Madame realmente não gosta de ouvir opiniões
Por: Carlos Chagas
Teimosa, Madame é, sabendo-se que essa
qualidade às vezes favorece e às vezes prejudica. Com o governo no fundo do
poço, não faltam conselhos para ela ampliar o leque, convidar adversários e
indiferentes, além de aliados, ouvindo mais do que falando e tirando dos
diálogos as lições necessárias. Só que ela é dura na queda. Divide o mundo em
duas metades, a dos mocinhos e a dos bandidos. Os que não estão com Dilma estão
contra Dilma, parece esse o pensamento.
Tome-se ontem. Pela manhã, a presidente
reuniu presidentes dos partidos de sua base, com os respectivos líderes
parlamentares. O tema era premente, no caso, a importância de ser aprovado o
ajuste fiscal, sem o qual, dizem, o país se desagregará. Mesmo tendo presente a
reação de muitos de seus adeptos ao elenco de maldades preparado pelo ministro
da Fazenda, tratou-se de uma reunião do óbvio. Nenhum presidente de partido ou
líder de bancada ousaria, como ninguém ousou, criticar ou contrapor argumentos
desfavoráveis às sugestões de Joaquim Levy, melhor dizendo, da Dilma.

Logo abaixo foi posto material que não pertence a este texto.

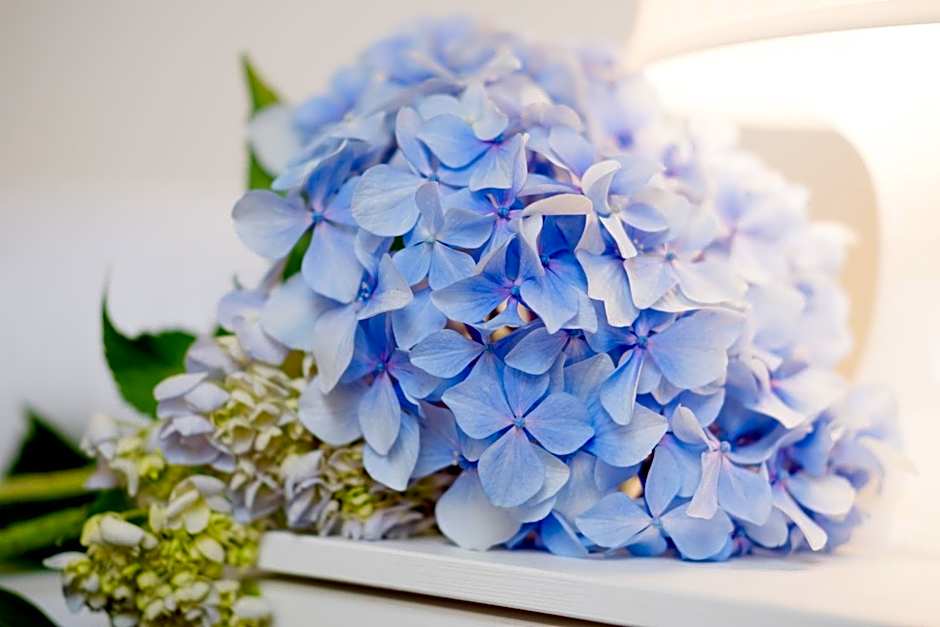 Balneario Hotel Dávila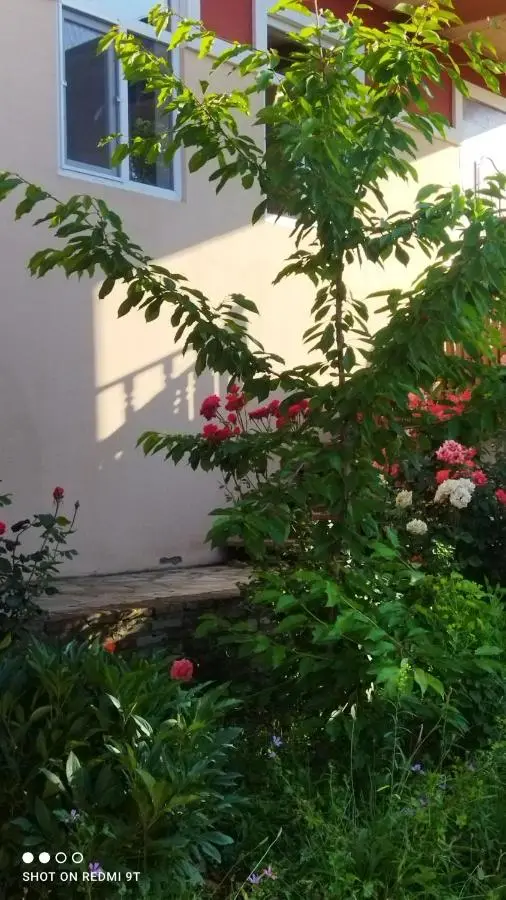 Quba Guest House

A primeira pergunta que fica é por que não
foram convidados, também, dirigentes de partidos desvinculados de seu governo,
até oposicionistas? Só teria a ganhar, recebendo ponderações contrárias a seus
pontos de vista, ainda que não se dispusesse a segui-las. Costuma ser
improdutivo fazer do palácio do Planalto um Clube da Luluzinha, onde a anfitriã
fala e os comensais elogiam a refeição.
GOVERNO AUTORITÁRIO
Mas tem mais, nessa demonstração de um
governo autoritário e absolutista, que caminha para o precipício por nem querer
escutar e até desprezar opiniões diferentes e divergentes.
A Constituição fornece remédios para se
alargar a pauta de decisões monárquicas. Na Seção V do Capítulo II do Título
IV, nos artigos de 89 a 91, foram criados o Conselho da República e o Conselho
de Defesa Nacional.
No primeiro, estabelecendo-se como um órgão
superior de consulta do presidente da República, dele participam o
vice-presidente, os presidentes da Câmara e do Senado, os líderes da maioria e
da minoria na Câmara e no Senado, o ministro da Justiça e mais seis cidadãos
natos, maiores de 35 anos, sendo dois indicados pelo presidente da República,
dois eleitos pela Câmara e dois pelo Senado, todos com mandato de três anos,
vedada a recondução.
Alguém tem notícia de a presidente Dilma
haver sequer indicado ou solicitado a indicação desses ilustres cidadãos? Não
será por falta de gente ilustre, capaz e acima de tudo experiente, em condições
de assessorá-la e repartir com ela opiniões de alto valor. Certamente que não
para pronunciar-se sobre a intervenção federal, o estado de defesa e o estado
de sitio, opções que citadas, felizmente não se colocam. Mas para definir-se
sobre “questões relevantes para a estabilidade das instituições democráticas”,
por que não?
Vale o mesmo para o Conselho de Defesa
Nacional, com a composição do Conselho da República acrescida dos ministros da
Defesa, das Relações Exteriores, do Planejamento e dos comandantes da Marinha,
do Exército e da Aeronáutica. São múltiplas suas competências ligadas à guerra,
à decretação de estados emergenciais e à utilização de áreas indispensáveis à
segurança do território nacional, como também a missão de estudar, propor e
acompanhar o desenvolvimento de iniciativas necessárias a garantir a
independência nacional e a defesa do estado democrático.
Não poderiam, as personalidades referidas,
entender que o país atravessa situações onde a independência nacional e a
defesa do estado democrático precisam de cuidados, encontrando-se sob risco?
Certamente os integrantes do Conselho de Defesa Nacional contribuiriam para
encontrar roteiros que nos livrariam da crise econômica, da inflação desmedida
e do caos social já à vista de todos. Mas será preciso que Madame pare de
continuar se imaginando detentora única de todas as verdades absolutas.